My suggestions to combat some of these things were thus:

  1. Get together a bunch of room obstacle ideas. When the player characters enter a room, figure out what they're fighting, then place the obstacles in the room.
  2. Make up the list of encounters, and have those encounters take place in whatever room the player characters end up in. 
  3. Traps need to steal healing surges. Various levels of traps should steal different amounts of healing surges. In fact, the level of the trap should be the number of surges it takes. Fifth level trap? Lose five surges. When surges are reduced to zero or less by a trap, that character will die.
  4. Do not let the player characters take an extended rest. Extended rests are for assholes. This is what Wandering Monsters are for. 
  5. There should be a few Safe Rooms in the dungeon that the player characters can actually get an extended rest in. Those should be few and far between.

1. There are a lot of fucking rooms in Undermountain. Some of them are pretty well-established already (the hall of mirrors, for instance). Most are not. So come up with a list of a few things each room might possibly have including: hazards (hazardous terrain, fire, pit traps, a sandblaster, radioactive acid-goo, an R.A. Salvator novel), choke points (bridges, bottlenecks, balconies from which enemies can shoot, dangerous ledges, spaces they'll need to squeeze through), things that make movement difficult (move three or more squares on this sort of ground, make an acrobatics check or fall prone; climb this ledge to get to the baddies; a boatload of difficult terrain; creatures that can slow player characters at a distance), and that sort of thing. Keep in mind that different creatures fight in different ways, so you'll want to know what your party is up against before placing hazards into a room. Which leads into...

2. You can give your players the illusion of choice in their encounters if you want to, while still knowing exactly what their characters are going to fight next. Whether they choose door A or door B doesn't matter; they'll be fighting two fire badgers and a splicks when they get into the next room. You can even have a few of these encounters pre-planned if you like; when they enter Room 6A, they get to fight a White Dragon, sure. Regardless, have your encounters written up, and only place the ones where position really matters. The rest, just do them in the order they're written on your sheet. 

3. Again, stealing from the good folks at Wizards of the Coast, the "Undermountain as a Skill Challenge" encounter was brutal for one very clear reason: when someone failed a skill check, people lost healing surges. After three encounters, surges are becoming a prized commodity. To have them heartlessly shorn from you for failing at a skill is devestating. So yes, there are rooms in which there should be skill challenges, and when you fail at those skill challenges, you face a debilitating penalty (oh, I'm sorry, your daily powers will not be recharged on your next extended rest...). When you go traipsing down a corridor without checking for traps, you could very well die. This brings traps back in a huge way; they're not just some thing you put in to add some flavor to an encounter, they're a menace in their own right again. 

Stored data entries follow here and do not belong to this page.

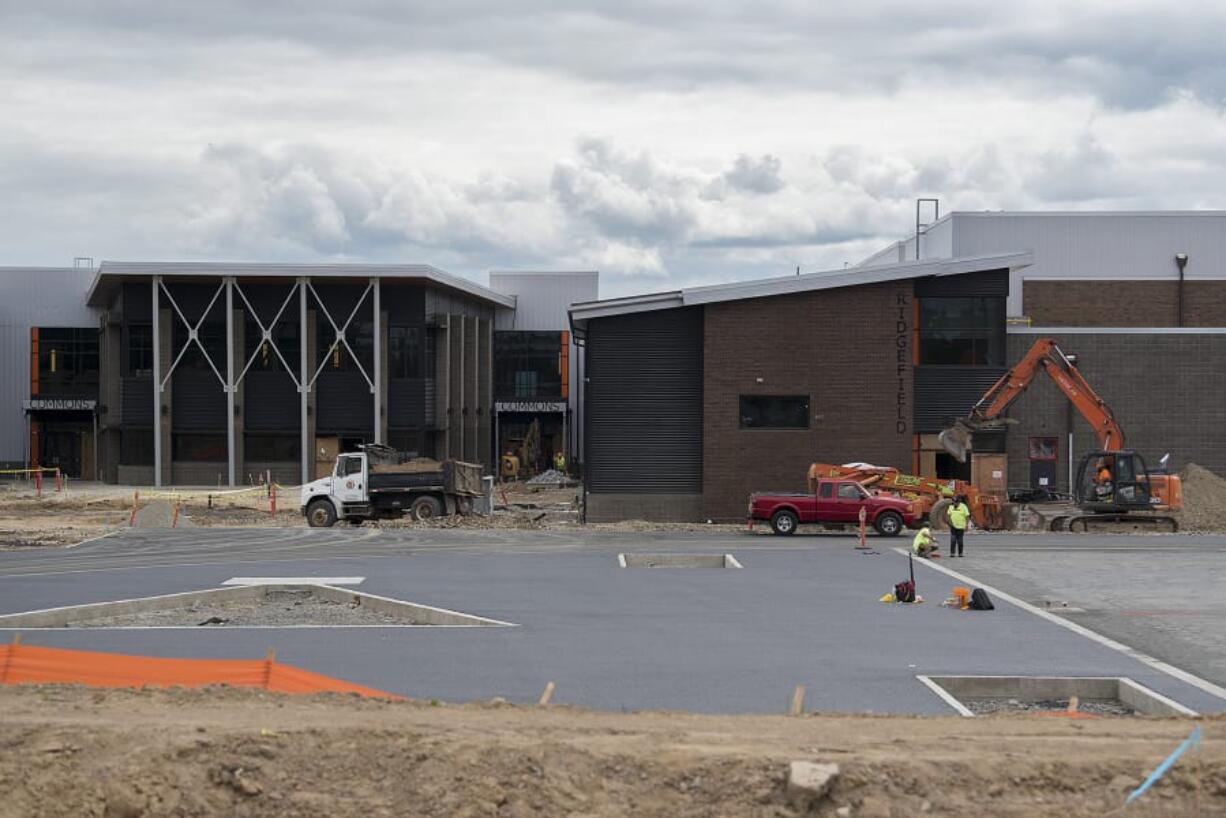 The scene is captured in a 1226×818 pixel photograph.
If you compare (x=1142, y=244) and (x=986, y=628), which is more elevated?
(x=1142, y=244)

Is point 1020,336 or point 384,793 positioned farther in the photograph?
point 1020,336

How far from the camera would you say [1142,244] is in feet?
224

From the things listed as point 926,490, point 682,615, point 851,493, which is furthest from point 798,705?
point 926,490

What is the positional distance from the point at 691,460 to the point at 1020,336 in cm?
1501

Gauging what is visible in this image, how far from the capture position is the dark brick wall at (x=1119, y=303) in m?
67.5

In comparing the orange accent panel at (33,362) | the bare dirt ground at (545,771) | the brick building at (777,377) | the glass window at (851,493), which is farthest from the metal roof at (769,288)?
the orange accent panel at (33,362)

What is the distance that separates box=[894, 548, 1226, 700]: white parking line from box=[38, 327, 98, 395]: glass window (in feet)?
180

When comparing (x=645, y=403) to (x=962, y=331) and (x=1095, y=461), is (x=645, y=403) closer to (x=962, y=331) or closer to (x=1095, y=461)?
(x=962, y=331)

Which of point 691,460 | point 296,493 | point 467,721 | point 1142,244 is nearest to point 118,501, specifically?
point 296,493

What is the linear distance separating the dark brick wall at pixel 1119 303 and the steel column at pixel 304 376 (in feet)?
112

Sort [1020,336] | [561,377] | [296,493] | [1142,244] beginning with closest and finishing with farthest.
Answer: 1. [1020,336]
2. [296,493]
3. [1142,244]
4. [561,377]

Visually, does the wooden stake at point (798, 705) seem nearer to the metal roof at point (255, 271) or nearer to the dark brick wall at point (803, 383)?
the dark brick wall at point (803, 383)

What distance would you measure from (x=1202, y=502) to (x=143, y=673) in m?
38.5

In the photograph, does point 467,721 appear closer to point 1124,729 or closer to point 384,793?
point 384,793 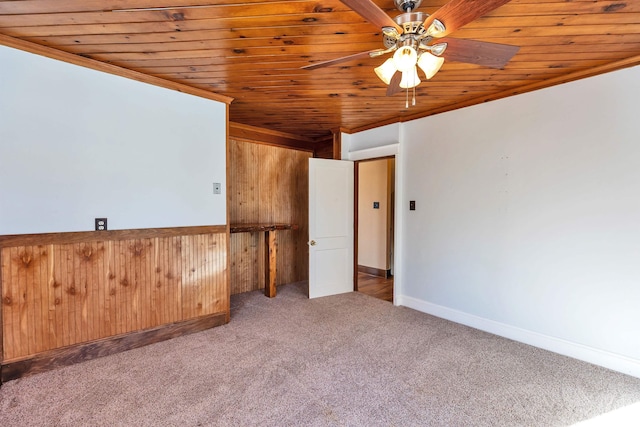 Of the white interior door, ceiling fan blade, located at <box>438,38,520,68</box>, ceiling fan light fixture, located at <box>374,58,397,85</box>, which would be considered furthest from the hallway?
ceiling fan blade, located at <box>438,38,520,68</box>

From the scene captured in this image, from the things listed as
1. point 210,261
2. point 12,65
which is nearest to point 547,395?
point 210,261

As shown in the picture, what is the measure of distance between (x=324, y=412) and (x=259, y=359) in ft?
2.77

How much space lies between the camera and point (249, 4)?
67.7 inches

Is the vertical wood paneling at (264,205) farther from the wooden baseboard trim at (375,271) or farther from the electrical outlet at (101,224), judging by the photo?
the electrical outlet at (101,224)

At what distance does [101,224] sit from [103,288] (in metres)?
0.56

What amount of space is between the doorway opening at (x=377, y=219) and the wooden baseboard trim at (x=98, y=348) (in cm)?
295

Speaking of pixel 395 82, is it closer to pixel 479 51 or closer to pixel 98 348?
pixel 479 51

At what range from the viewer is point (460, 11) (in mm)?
1334

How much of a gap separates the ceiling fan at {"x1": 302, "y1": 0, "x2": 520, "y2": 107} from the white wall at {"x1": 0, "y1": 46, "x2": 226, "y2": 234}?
1873 millimetres

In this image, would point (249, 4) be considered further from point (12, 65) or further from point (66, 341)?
point (66, 341)

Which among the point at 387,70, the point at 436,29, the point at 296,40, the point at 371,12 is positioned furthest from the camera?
the point at 296,40

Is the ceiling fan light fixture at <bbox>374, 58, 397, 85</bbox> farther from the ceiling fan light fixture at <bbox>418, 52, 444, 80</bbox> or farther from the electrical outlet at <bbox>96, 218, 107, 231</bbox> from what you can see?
the electrical outlet at <bbox>96, 218, 107, 231</bbox>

4. Extended rest fucks with the DM's day. Every time the party gets to recharge all of their healing surges, all of their daily powers, all of their hit points, all of everything, the next couple of challenges are a cakewalk. So fuck extended rest, and fuck the people who take them more than once per session. Push your player characters. When they try and sleep in a fucking hallway, send a monster after them. They want to try and make the room they're in safe to sleep in? Well, that'll take some rolling. Sure hope a beholder doesn't come down the hall to see what all the sawing and hammering's about... 

5. This is actually Ian's idea, and it's a good one. There are a few places, even in Undermountain, where you can recover, get some rest, take a nap if you need one and get ready for the rest of the evil. They're few and they're far between, and they're usually behind secret doors and shit, but they're around. Sometimes you'll need to clear out whatever was making the room safe, of course...

So now I want to try it out, and see how it runs. I'll keep you posted on progress.